According to the CDC, the number of Americans aged 65 or older will number nearly 89 million by 2050, or more than double the number of older adults in 2010. Age-associated diseases such as arthritis, vision loss, and cognitive decline cause considerable economic, personal, and societal burden. These diseases negatively impact quality of life, are typically chronic, and progress from the time of onset until death. Our health care expenditures, already the highest among developed countries, are expected to rise considerably as chronic diseases affect growing numbers of older adults. More than two-thirds of all health care costs are for treating chronic illnesses, with that percentage rising to 95% for older Americans. Medicare spending is projected to increase from $903 billion in 2020 from $555 billion in 2011.

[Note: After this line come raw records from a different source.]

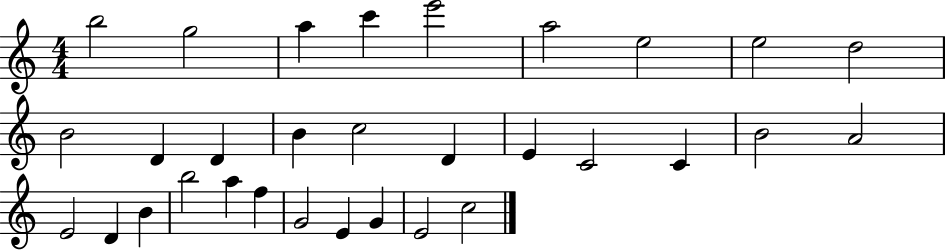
{
  \clef treble
  \numericTimeSignature
  \time 4/4
  \key c \major
  b''2 g''2 | a''4 c'''4 e'''2 | a''2 e''2 | e''2 d''2 | \break b'2 d'4 d'4 | b'4 c''2 d'4 | e'4 c'2 c'4 | b'2 a'2 | \break e'2 d'4 b'4 | b''2 a''4 f''4 | g'2 e'4 g'4 | e'2 c''2 | \break \bar "|."
}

Unity Biotechnology (proposed Nasdaq: UBX) is developing therapeutics to potentially halt, slow or reverse age-associated diseases, while restoring human health. The company filed its S-1 yesterday for an $85 million initial public offering led by Goldman, Morgan and Citi. The Brisbane, California, based company has a blue chip roster of investors, according to Forbes, with Arch Venture Partners—who backed Juno, Receptos (both acquired by Celgene), Agios, and Bluebird Bio among others—making the founding investment. Unity raised $116 million in a 2016 Series B round from Baillie Gifford, Fidelity, Partner Funds, Venrock, Bezos Expeditions (yes, that Bezos) and existing investors Wuxi and Mayo Clinic Ventures. Just last month, the company closed on a $55 million Series C round from EcoR1 Capital, 6 Dimensions Capital and Altitude Life Science Ventures, along with other existing investors.

The company’s developmental efforts are focused on eliminating the body’s accumulated senescent cells, which are associated with aging, tissue dysfunction and promotion of disease. As people age, their cells divide until they encounter several forms of biologic stress at which time senescent cells cause cell division to completely cease. The result is an accumulation of senescent cells, leading to inflammation, tissue degradation and the production of growth factors that alter the tissue microenvironment, leading to disease.

The elderly mouse on the left did not have any senescent cells cleared. The one on the right had senescent cells cleared multiple times. Source: Forbes. Image from Unity Biotechnology.

Unity is developing a number of therapies intended to selectively eliminate senescent cells and restore tissue to a more functionally healthy state, thereby addressing the underlying causes of age-associated diseases. The lead program, UBX0101, is designed to treat musculoskeletal disease with an initial focus on osteoarthritis. Unity expects to initiate a Phase 1 clinical study in an osteoarthritis patient population in the second quarter of 2018.

Source: Unity Biotechnology

Unity believes that senolytic medicines—medicines that selectively eliminate senescent cells from diseased tissues—may have four advantages over other efforts to treat age-associated diseases:

  • Target a root cause of diseases of aging. Unlike treatments that inhibit the activity of a single factor (such as antibodies targeting single pro-inflammatory proteins), Unity believes a senolytic medicine that selectively eliminates accumulated senescent cells and their associated SASP could simultaneously blunt the activity of numerous factors contributing to disease.
  • Intermittent dosing. The administration of senolytic medicines would remove senescent cells from diseased tissue. As new senescent cells may take months or even years to re-accumulate, senolytic medicines could potentially be dosed infrequently. Unity believes that intermittent dosing may improve drug tolerability and patient adherence when compared to chronic therapies.
  • Senescent cells accumulate at sites of disease. Unity’s ability to quantify senescent cells and accompanying senescence-associated secretory phenotype (SASP) factors in sites of disease may simplify clinical development through targeted indication selection, patient selection and monitoring of therapeutic response.
  • Senolytic medicines may restore tissue to a healthy state. Unity believes senescent cells generally do not accumulate in young individuals and that the accumulation of senescent cells is unnecessary for normal tissue function. The goal for the administration of senolytic medicines is to restore tissue to a functionally younger state.